A Khama drama in Botswana
Forensic report rubbishes money laundering claims against ex-president
● In 2009, the director-general of Botswana’s intelligence service, Isaac Kgosi, e-mailed German businessman Claus Colling to expect a transfer of $100m. Both used @protonmail addresses, according to court evidence from an investigator at Botswana’s anti-corruption agency, Jako Hubona.
Hubona said the money originated from accounts opened at Botswana’s reserve bank, the Bank of Botswana, by then president Ian Khama. Extracts from the e-mails are attached to Hubona’s affidavit, filed in the Botswana high court.
But there is a problem: Protonmail only came into existence as an e-mail platform in 2013. “The e-mail exchanges could not have happened as alleged, and this detail continues a striking pattern of fabrication that characterises the affidavit,” says a report this week that trashes Hubona’s affidavit.
Hubona’s affidavit was filed in a money laundering case that, if it gets off the ground, could pull in Khama and prominent SA businesswoman Bridgette Motsepe.
The affidavit was filed in opposition to the bail application of Welheminah Mphoeng Maswabi, who is described in the report as a former Botswana intelligence officer, and by Hubona as Kgosi’s girlfriend. He describes Kgosi as Khama’s “close associate”.
The report, by UK firms Omnia Strategy LLP and Alaco Limited, says: “The state’s case appears to be that President Khama and … Motsepe intended to use these funds to orchestrate political unrest and fund opposition groups against the current president of Botswana, Mokgweetsi Masisi.”
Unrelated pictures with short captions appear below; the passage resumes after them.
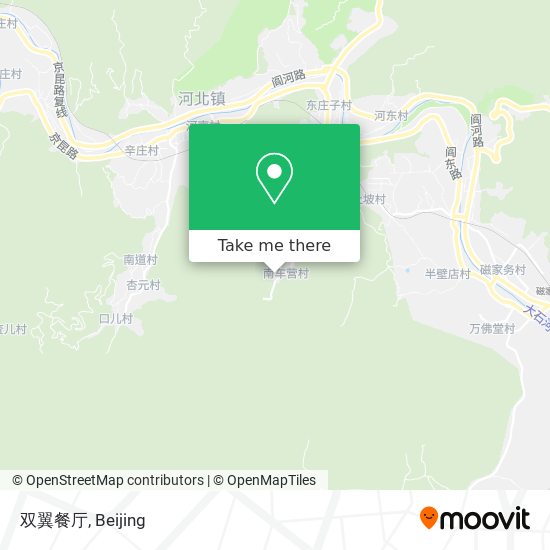 双翼餐厅 map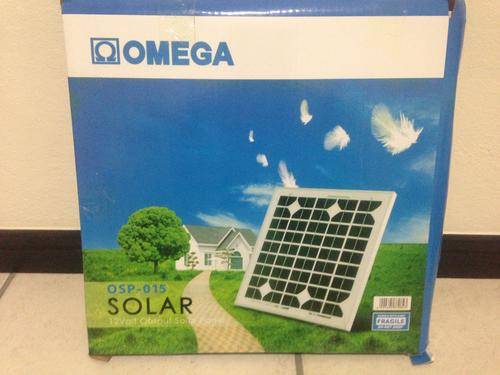 OMEGA 12V output solar panel 15w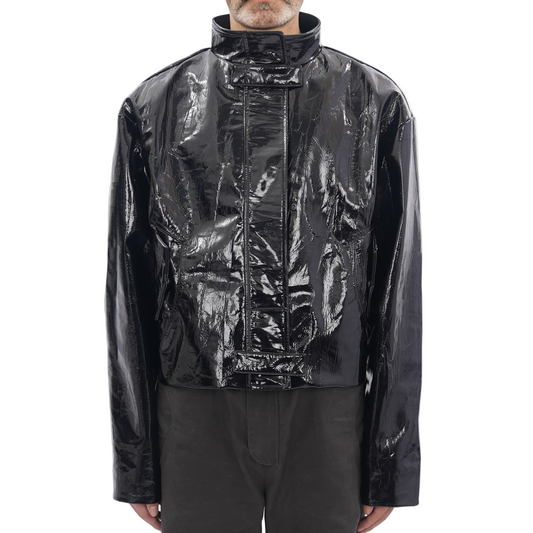 Pioneer Texture Short Biker Leather Jacket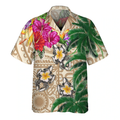 Puerto Rico Turtle - 3D Hawaiian Men's, Gift for Turtle lovers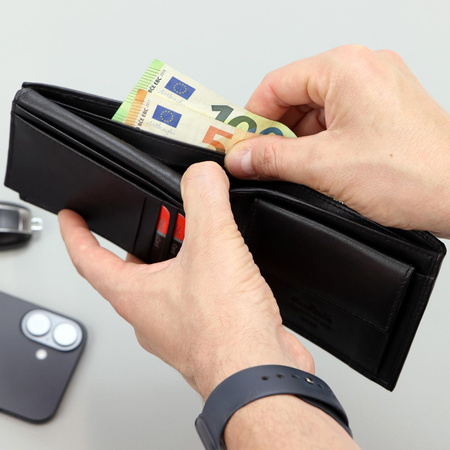 Zestaw na prezent dla mężczyzny portfel i pasek męski skórzany Pierre Cardin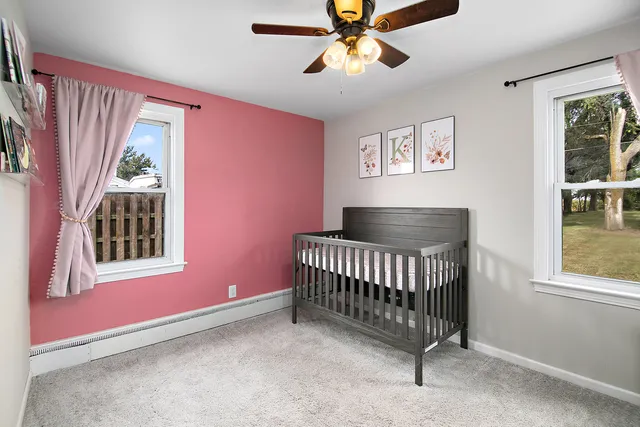 a view of livingroom with furniture and windows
The bail application was heard days after an election that returned Botswana Democratic Party leader Masisi — once Khama’s protégé — to power. The two later fell out and Khama threw his weight behind the opposition Botswana Patriotic Front.
Motsepe was first linked to the allegations when Botswana’s Sunday Standard reported last year that she was involved in an attempt to unseat Masisi. Hubona’s affidavit then officially made the claim.
The use of apparently fake e-mail addresses was not the only problem with Hubona’s affidavit, says the report. In “a matter of weeks”, Omnia and Alaco “unravelled … inconsistencies, errors and fabrications” and concluded that “in this case at least, the integrity of Botswana’s prosecutorial system has failed”.
The report was commissioned by and paid for by Motsepe, who Hubona said was a signatory on a number of bank accounts and the owner of companies meant to be recipients of a large chunk of the money that was moved out of the Bank of Botswana.
However on Thursday, former SA prosecutor Gerrie Nel said that a report commissioned and paid for by the very person it was investigating was an “unendorsed, unofficial, untested investigation”.
Nel, who now heads AfriForum’s private prosecutions unit, said he had been briefed to assist Botswana, whose request for legal assistance from SA in this case had gone unanswered since September.
His unit has now gone to court for an order forcing SA to respond to Botswana’s request.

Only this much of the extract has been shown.